Title Company Escrow Accountant Pleads Guilty in $1.7 Million Mortgage Fraud Scheme
|U.S. Attorney’s Office October 12, 2011|
The plea agreement was announced by United States Attorney for the District of Maryland Rod J. Rosenstein and Special Agent in Charge Richard A. McFeely of the Federal Bureau of Investigation.
According to her plea agreement, Lukenich was the escrow accountant for title companies that did business in the Baltimore, Annapolis, and Washington, D.C. metropolitan areas, including Troese Title Services, Inc. (Troese Title), located in Camp Springs, Maryland; Troese/Hughes Title Services, Inc. (Troese/Hughes), located in Greenbelt, Maryland; and Troese/Prestige Title Services, Inc. (Troese/Prestige), located in Ellicott City, Maryland. As the escrow accountant, Lukenich reconciled the escrow accounts and prepared monthly reconciliation reports for each escrow account.
Prior to 2005, Troese Title and Troese/Hughes shared a joint escrow account for the receipt and disbursement of funds in connection with real estate closings carried out by both title companies. By 2006, the joint escrow account had a $3 million shortage. Lukenich’s reconciliation reports, which were sent monthly to the principal of the companies, clearly showed that there were significant shortages in the joint escrow account. Principals of the title companies re-financed their homes to attempt to cover some of the escrow shortages. Sometime in 2006, the joint escrow account was separated into separate escrow accounts and Lukenich allocated a $1.7 million escrow shortage to Troese Title and a $1.3 million escrow shortage to Troese/Hughes.

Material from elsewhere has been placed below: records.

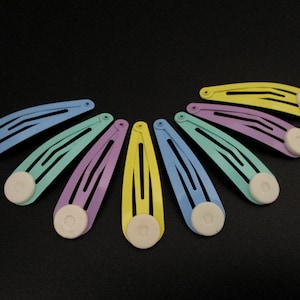 Hair Clips Blanks with Glue On Pads for Flat Backs | 2&quot; Snap Clips in Pastel Colors Light Blue Yellow Mint Green Lavender | Hair Accessories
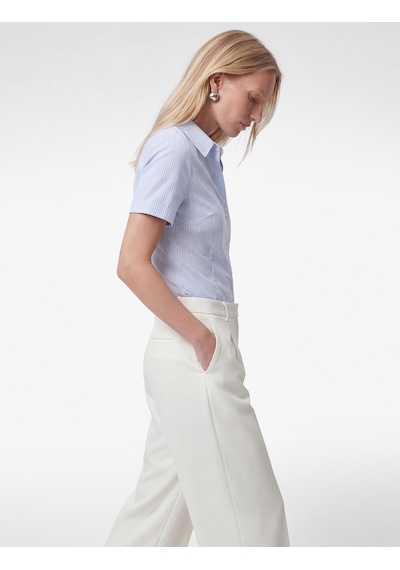 Koton Slim Fit Klasik Yaka Kısa Kollu Çizgili Poplin Gömlek Mavi Çizgili 6sak60022uw Antrasit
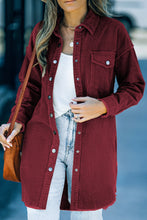 Load image into Gallery viewer, Corduroy Button Down Longline Shirt Jacket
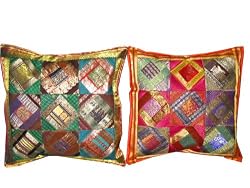 2 Hot Red Green Sari Zari Borders Toss Pillow Cushion Covers 16"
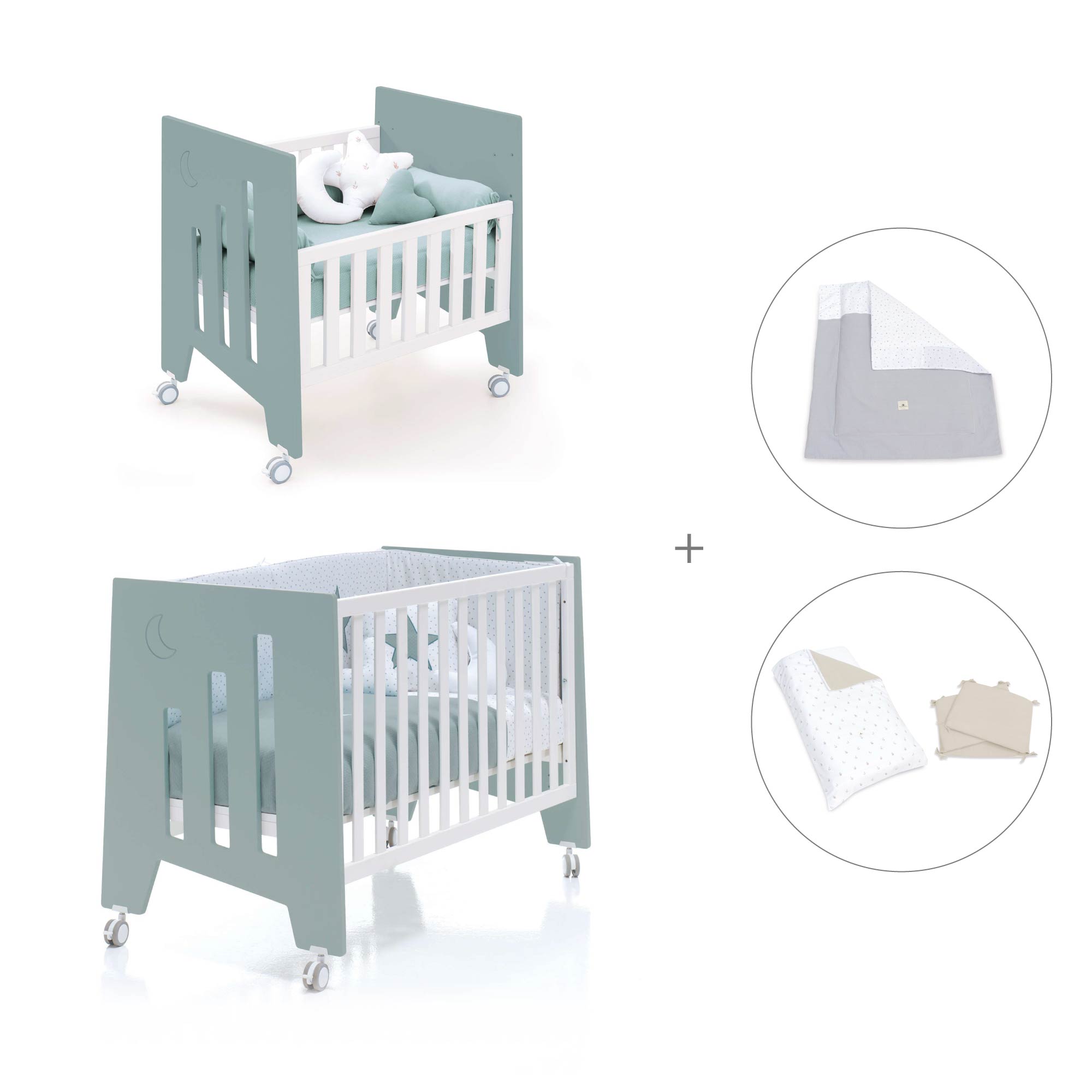 Minicuna 60x80 cm y cuna 60x120 cm (7en1) verde eucalipto · Omni Tre Eucalyptus C181T-M7757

The Troese title companies had agency agreements with Chicago Title Company which enabled them to provide title insurance in conjunction with the settlement services they performed, and made Chicago Title liable for any title defects suffered by home owners and lenders. Chicago Title performed audits at Troese Title and Troes/Hughes. Prior to each of the audits, Lukenich would alter the reconciliation reports to falsely show that there were not escrow shortages and that there were not outstanding mortgage payoffs that had not been made. After each audit, Lukenich would reverse the fraudulent adjustments.

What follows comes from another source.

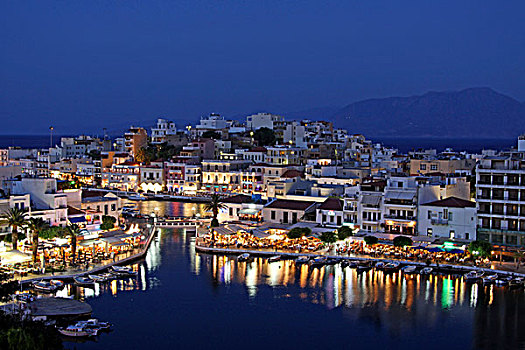 蓝色,钟点,港口,阿基亚斯尼古拉斯,克里特岛,希腊,欧洲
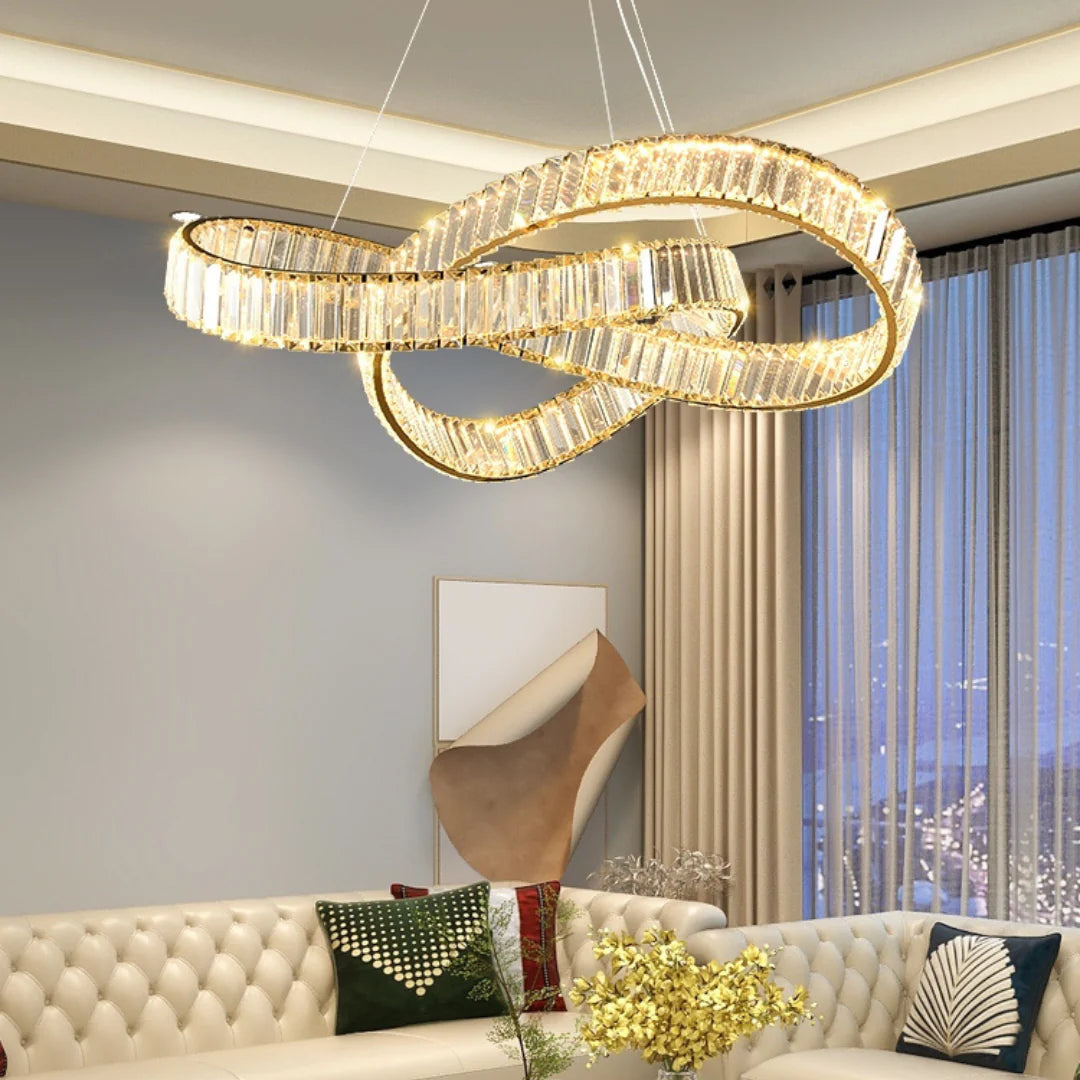 Golden Ring Round Crystal Chandelier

In March 2008, Chicago Title terminated its agency relationship with Troese Title and Troese/Hughes. In response, Troese Title and Troese/Hughes operations were consolidated into a single title operation that would be part of Troese/Prestige. However, when Troese/Prestige conducted settlements, it used the new lender money to cover the mortgage pay-offs that were still outstanding at Troese Title and Troese/Prestige, instead of as instructed on the HUD-1 settlement statement, in violation of the express direction of the lender. Eventually, there were not enough settlements to cover all of the shortages. Chicago Title received information that a mortgage had not been paid off and conducted a surprise audit of Troese/Prestige. The escrow account did not contain enough money to cover all of the outstanding mortgage pay-offs from Troese/Prestige. Chicago Title, as the title insurer, was forced to make the mortgage pay-offs, and to pay off funds due to a seller from a settlement and pay to record the instruments that had not been recorded.
In total, the loss to Chicago Title stemming from the Troese/Prestige pay-offs was approximately $1.7 million.
Lukenich faces a maximum sentence of 20 years in prison and a $250,000 fine. U.S. District Judge William N. Nickerson scheduled sentencing for January 12, 2012 at 9:30 a.m.
The Maryland Mortgage Fraud Task Force was established to unify the agencies that regulate and investigate mortgage fraud and promote the early detection, identification, prevention, and prosecution of mortgage fraud schemes. This case, as well as other cases brought by members of the Task Force, demonstrates the commitment of law enforcement agencies to protect consumers from fraud and promote the integrity of the credit markets. Information about mortgage fraud prosecutions is available www.justice.gov/usao/md/Mortgage-Fraud/index.html.
This law enforcement action is part of President Barack Obama’s Financial Fraud Enforcement Task Force. President Obama established the interagency Financial Fraud Enforcement Task Force to wage an aggressive, coordinated, and proactive effort to investigate and prosecute financial crimes. The task force includes representatives from a broad range of federal agencies, regulatory authorities, inspectors general, and state and local law enforcement who, working together, bring to bear a powerful array of criminal and civil enforcement resources. The task force is working to improve efforts across the federal executive branch, and with state and local partners, to investigate and prosecute significant financial crimes, ensure just and effective punishment for those who perpetrate financial crimes, combat discrimination in the lending and financial markets, and recover proceeds for victims of financial crimes.
United States Attorney Rod J. Rosenstein commended the FBI for its investigative work, and thanked Assistant U.S. Attorneys Tonya Kelly Kowitz and Gregory R. Bockin, who are prosecuting the case.